#### [Dataset records]
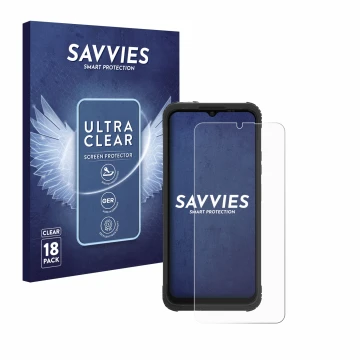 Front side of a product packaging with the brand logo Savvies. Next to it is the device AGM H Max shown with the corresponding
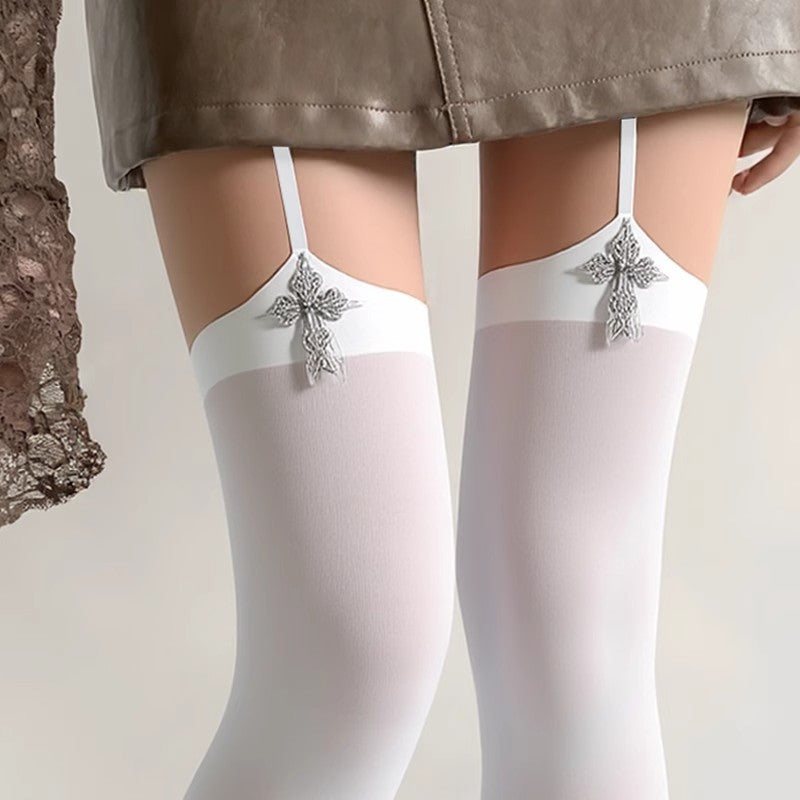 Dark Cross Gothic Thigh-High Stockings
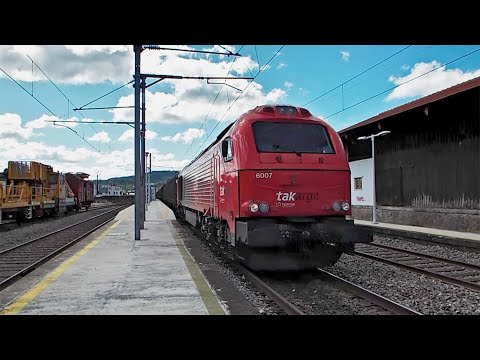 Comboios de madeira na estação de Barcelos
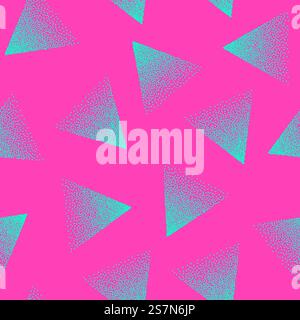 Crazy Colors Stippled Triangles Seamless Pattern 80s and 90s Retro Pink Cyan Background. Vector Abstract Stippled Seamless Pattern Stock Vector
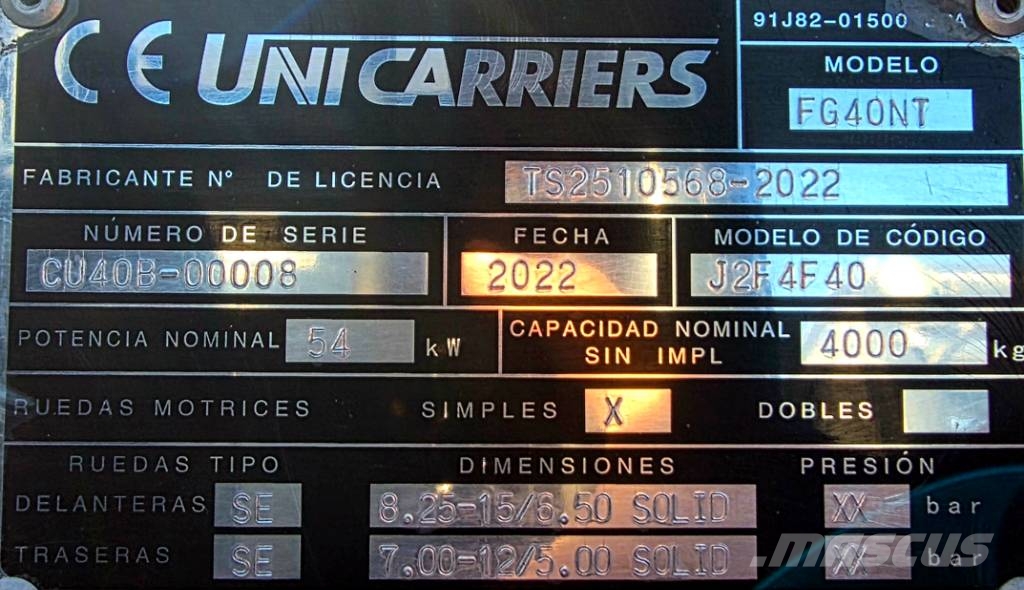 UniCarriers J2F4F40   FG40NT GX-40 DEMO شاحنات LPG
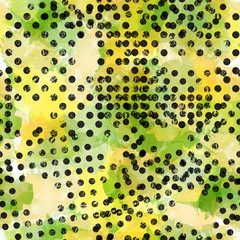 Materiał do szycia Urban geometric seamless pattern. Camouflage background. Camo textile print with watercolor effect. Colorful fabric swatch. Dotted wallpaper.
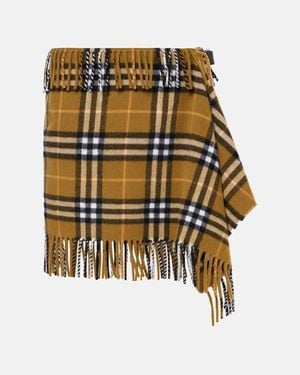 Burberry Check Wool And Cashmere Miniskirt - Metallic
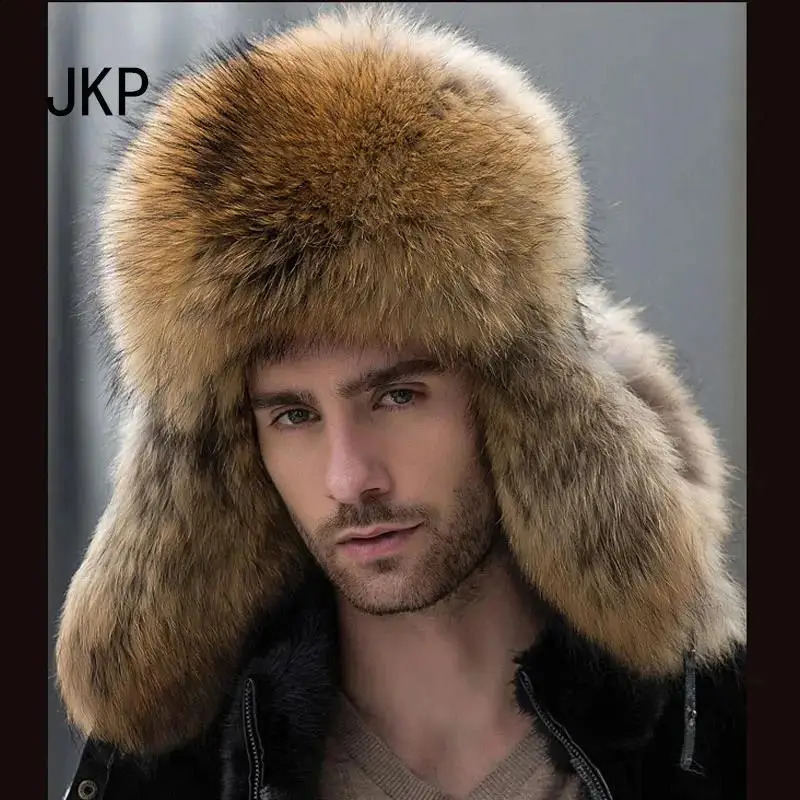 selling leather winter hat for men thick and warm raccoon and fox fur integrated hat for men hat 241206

#### [Required work]
All lines from the line with "Burberry Check Wool" through the final line of the listing are to be printed exactly, both ends included; the pictures are not.

#### [Completed exercise]
 Burberry Check Wool And Cashmere Miniskirt - Metallic
 selling leather winter hat for men thick and warm raccoon and fox fur integrated hat for men hat 241206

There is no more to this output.